Segment Open

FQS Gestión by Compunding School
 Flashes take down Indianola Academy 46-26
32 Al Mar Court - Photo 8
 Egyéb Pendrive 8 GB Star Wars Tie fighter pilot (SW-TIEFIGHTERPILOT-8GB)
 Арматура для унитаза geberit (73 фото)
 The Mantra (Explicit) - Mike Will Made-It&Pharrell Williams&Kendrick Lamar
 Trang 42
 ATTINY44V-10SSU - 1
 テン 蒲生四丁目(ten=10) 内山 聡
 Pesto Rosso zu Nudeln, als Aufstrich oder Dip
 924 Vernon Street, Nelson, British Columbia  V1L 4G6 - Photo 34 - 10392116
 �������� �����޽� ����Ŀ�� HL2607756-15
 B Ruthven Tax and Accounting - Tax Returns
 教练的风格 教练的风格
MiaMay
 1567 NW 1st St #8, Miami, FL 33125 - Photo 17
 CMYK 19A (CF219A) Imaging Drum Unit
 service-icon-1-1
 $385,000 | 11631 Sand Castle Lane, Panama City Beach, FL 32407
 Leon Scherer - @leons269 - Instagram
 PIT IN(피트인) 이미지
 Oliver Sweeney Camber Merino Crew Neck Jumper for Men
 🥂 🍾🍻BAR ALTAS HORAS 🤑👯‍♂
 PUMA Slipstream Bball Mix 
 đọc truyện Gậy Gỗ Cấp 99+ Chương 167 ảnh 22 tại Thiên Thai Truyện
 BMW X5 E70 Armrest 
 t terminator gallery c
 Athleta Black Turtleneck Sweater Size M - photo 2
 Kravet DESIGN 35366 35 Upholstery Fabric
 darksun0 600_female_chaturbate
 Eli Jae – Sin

Segment Closed

## WHAT YOU WILL DO
Up to the line containing "Leon Scherer - @leons269 - Instagram", skip everything; from that line through the last line above, return each line exactly.

## RESULT OF THIS EXERCISE
 Leon Scherer - @leons269 - Instagram
 PIT IN(피트인) 이미지
 Oliver Sweeney Camber Merino Crew Neck Jumper for Men
 🥂 🍾🍻BAR ALTAS HORAS 🤑👯‍♂
 PUMA Slipstream Bball Mix 
 đọc truyện Gậy Gỗ Cấp 99+ Chương 167 ảnh 22 tại Thiên Thai Truyện
 BMW X5 E70 Armrest 
 t terminator gallery c
 Athleta Black Turtleneck Sweater Size M - photo 2
 Kravet DESIGN 35366 35 Upholstery Fabric
 darksun0 600_female_chaturbate
 Eli Jae – Sin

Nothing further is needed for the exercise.